Tanjungpinang, mejaredaksi – Kelong Pancing Madu 3, yang terletak di perairan selat riau, Kota Tanjungpinang, Kepulauan Riau, berupaya meningkatkan kunjungan wisatawan mancanegara melalui kerjasama strategis dengan Nayy Al Musafir Johor, sebuah perusahaan travel asal Malaysia.
Penadatanganan kerjasama (MOU) dilakukan di Kelong Pancing Madu 3, Jumat (9/8/2024), oleh Raja Fahrurrazi, Manager Marketing mewakili Kelong Pancing Madu 3 dan Juanda, Owner Nayy Al Musafir Johor.
Dengan konsep yang menggabungkan kehidupan nelayan tradisional dengan industri pariwisata, Kelong Pancing Madu 3 menawarkan pengalaman unik bagi wisatawan, khususnya para pemancing.
Pengunjung dapat menikmati suasana khas pesisir dengan menggunakan kapal wisata khusus yang disediakan oleh pengelola.

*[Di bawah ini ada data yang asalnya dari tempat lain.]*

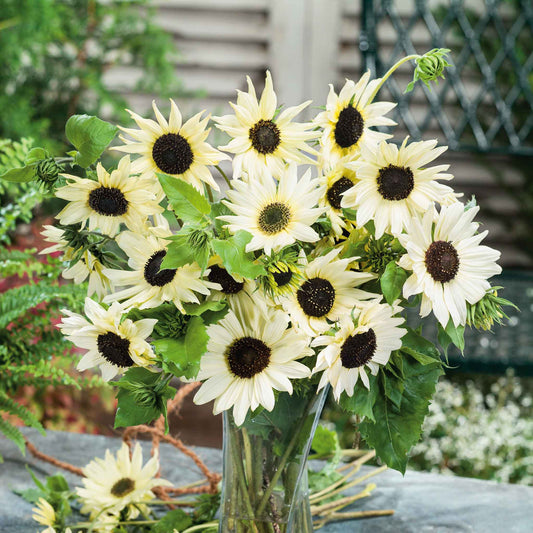 sunflower italian white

“Hobi memancing itu tidak hanya masyarakat kita, tapi juga Malaysia dan Singapura. Kami menyediakan fasilitas khusus bagi para pemancing yang sangat diminati. Ini adalah salah satu daya tarik utama Kelong Pancing Madu 3,” ujar Raja Fahrurrozi.
Ia menambahkan bahwa tujuan utama pembangunan Kelong ini adalah untuk meningkatkan ekonomi masyarakat pesisir melalui sektor pariwisata.

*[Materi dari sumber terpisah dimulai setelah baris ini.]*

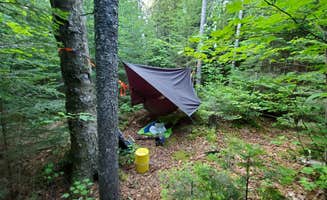 Alex R.'s photo of tent camping at Lillian brook campground near Rainbow Lake, NY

“Harapan kami dengan MOU, Destinasi wisata di Tanjungpinang bisa terpromosi di Malaysia hingga banyak wisatawan berkunjung,” jelas Raja Fahrurrazi.
Nayy Al Musafir Johor telah aktif mempromosikan Kelong Madu 3 sebagai objek wisata utama di Tanjungpinang, tidak hanya di Malaysia, tetapi juga di negara-negara lain.
Kerjasama ini diharapkan dapat mempererat hubungan antara Singapura, Malaysia, dan Indonesia, serta mendorong peningkatan ekonomi masyarakat setempat.

Owner Nayy Al Musafir Johor, Juanda Bin Porigi menyebut Kelong Madu 3 sebagai destinasi yang menarik bagi wisatawan yang memiliki hobi memancing.
Selain itu, pengunjung juga dapat membawa keluarga untuk menginap dan merasakan suasana khas Melayu di tempat tersebut.
“Kami sudah membawa rombongan 70 orang dari Malaysia dan ke depan akan ada lebih banyak lagi,” ujranya.
Juanda menambahkan, berbagai keunikan berwisata di Kelong Pancing Madu 3 diyakini akan menjadi daya tarik wisatawan untuk berkunjung.
“Baharinya, lautnya, keselesaan (nyaman. red). Apalagi yang menarik disini adalah sejarahnya. Kami asalnya dari Melayu, tahu sejarah, disinilah tempatnya dahulu,” ungkap Juanda.